SUPPLIED DATA

========

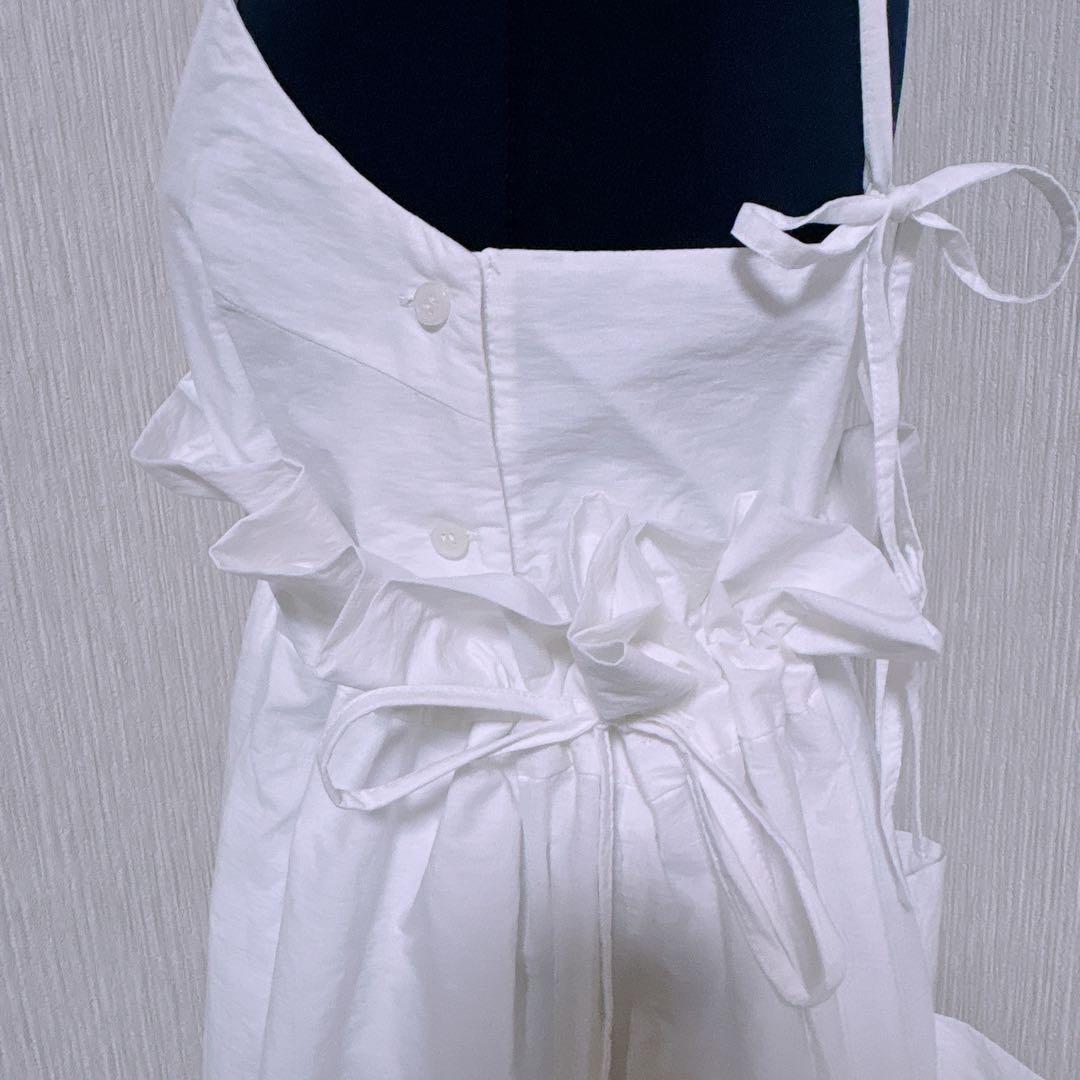 【美品】メゾンスペシャル　ボリュームバルーンロンパース　ホワイト　サロペット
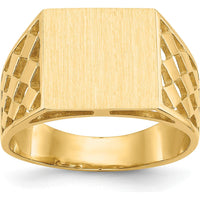 14K Yellow Gold 12.5x12.0mm Open Back Men’s Signet Ring with Polished & Brushed Finish by Oro Pregiato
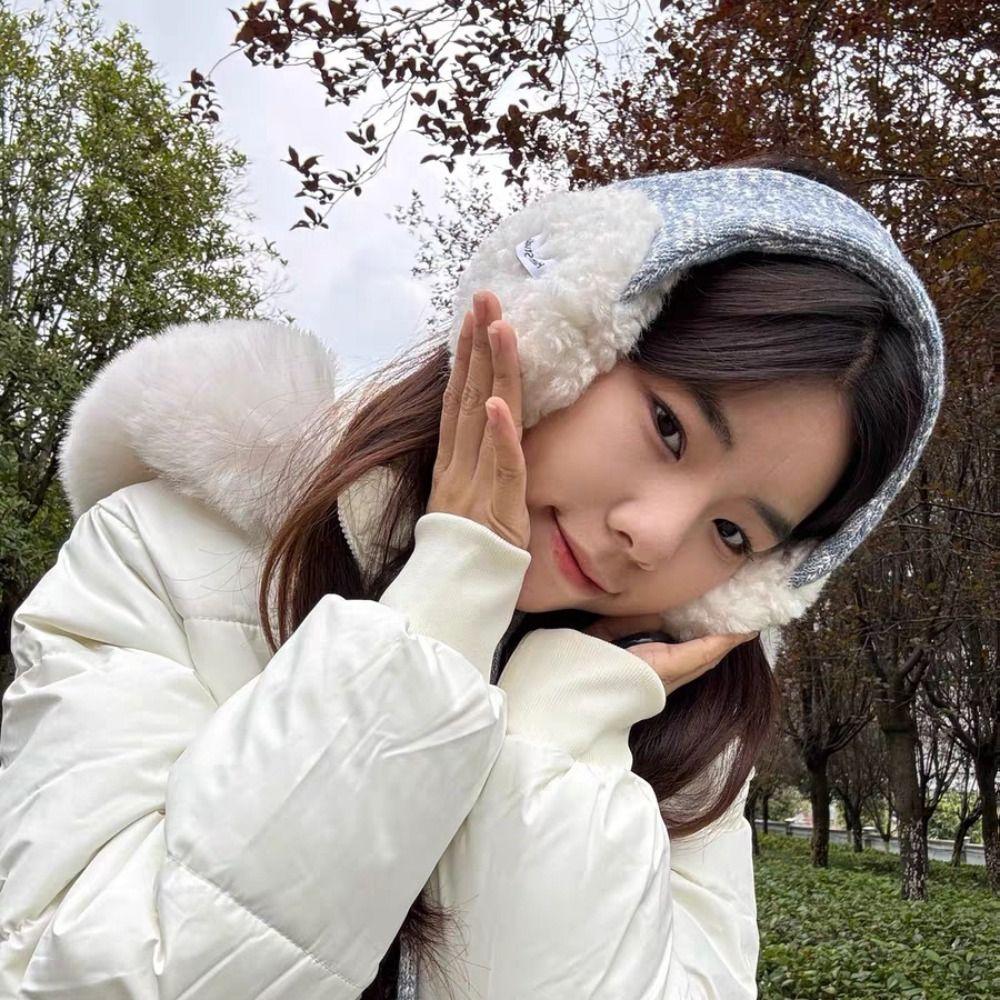 Thicken Knitted Earmuffs Windproof Ear Protection Strap Personality Wool Strappy Ear Muff Autumn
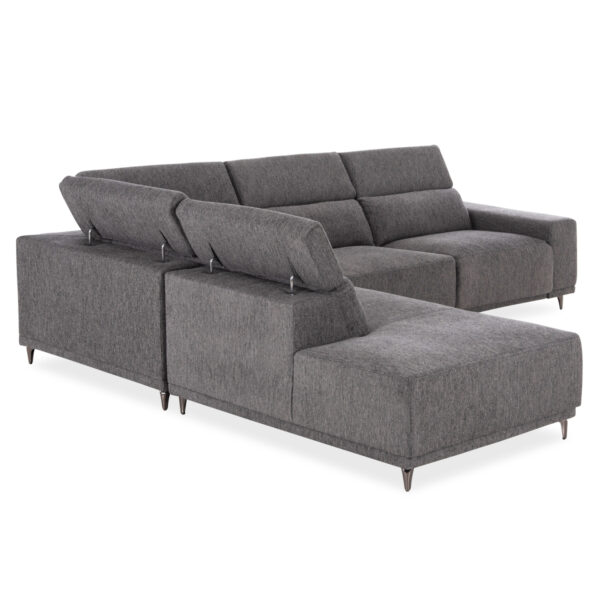ΚΑΝΑΠΕΣ ΑΡΙΣΤΕΡΗ ΓΩΝΙΑ 5Θ ΜΕ RECLINE LUNARIS HM3316.01L ΓΚΡΙ ΥΦΑΣΜΑ 307x267x94Yεκ - Image 5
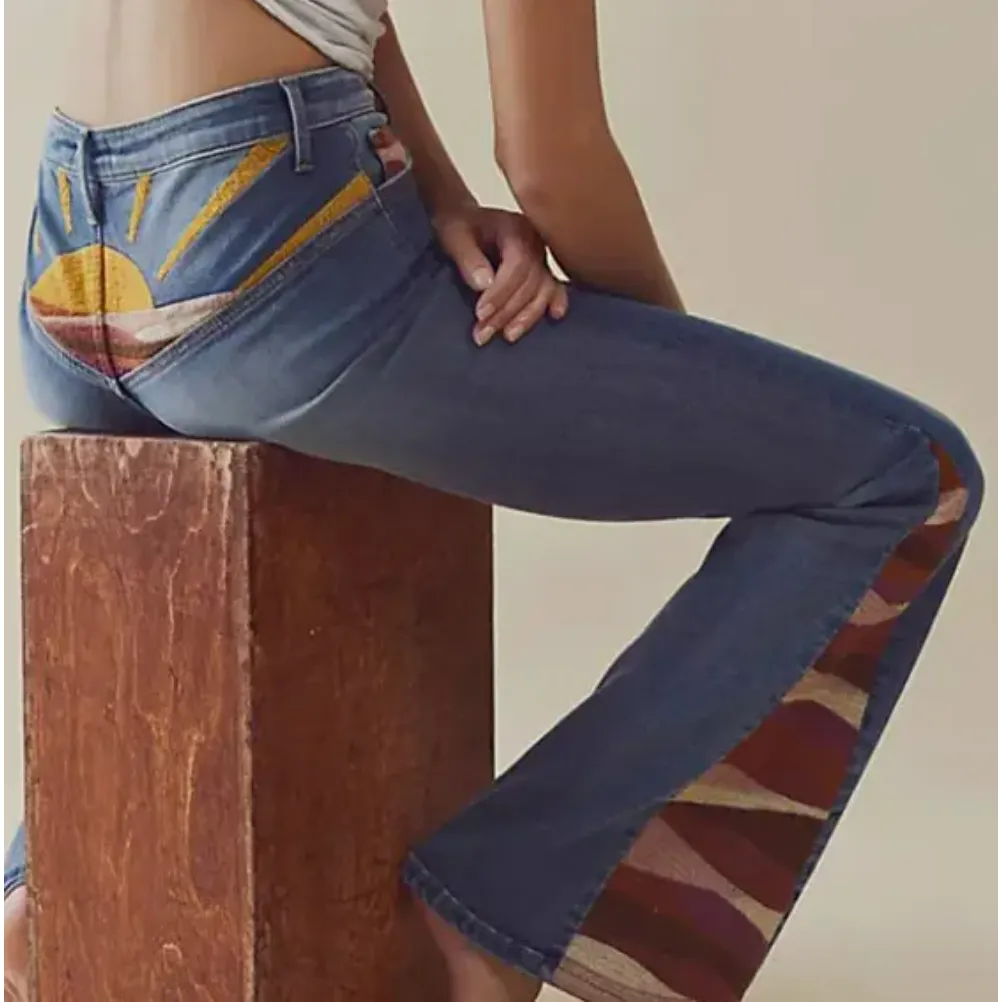 Sunrise on Sunset Blvd Embroidered Flared Jeans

========

AIM OF THE EXERCISE
Write the records out in full, word for word; leave every picture behind.

RESPONSE TO THIS EXERCISE
 【美品】メゾンスペシャル　ボリュームバルーンロンパース　ホワイト　サロペット
 14K Yellow Gold 12.5x12.0mm Open Back Men’s Signet Ring with Polished & Brushed Finish by Oro Pregiato
 Thicken Knitted Earmuffs Windproof Ear Protection Strap Personality Wool Strappy Ear Muff Autumn
ΚΑΝΑΠΕΣ ΑΡΙΣΤΕΡΗ ΓΩΝΙΑ 5Θ ΜΕ RECLINE LUNARIS HM3316.01L ΓΚΡΙ ΥΦΑΣΜΑ 307x267x94Yεκ - Image 5
 Sunrise on Sunset Blvd Embroidered Flared Jeans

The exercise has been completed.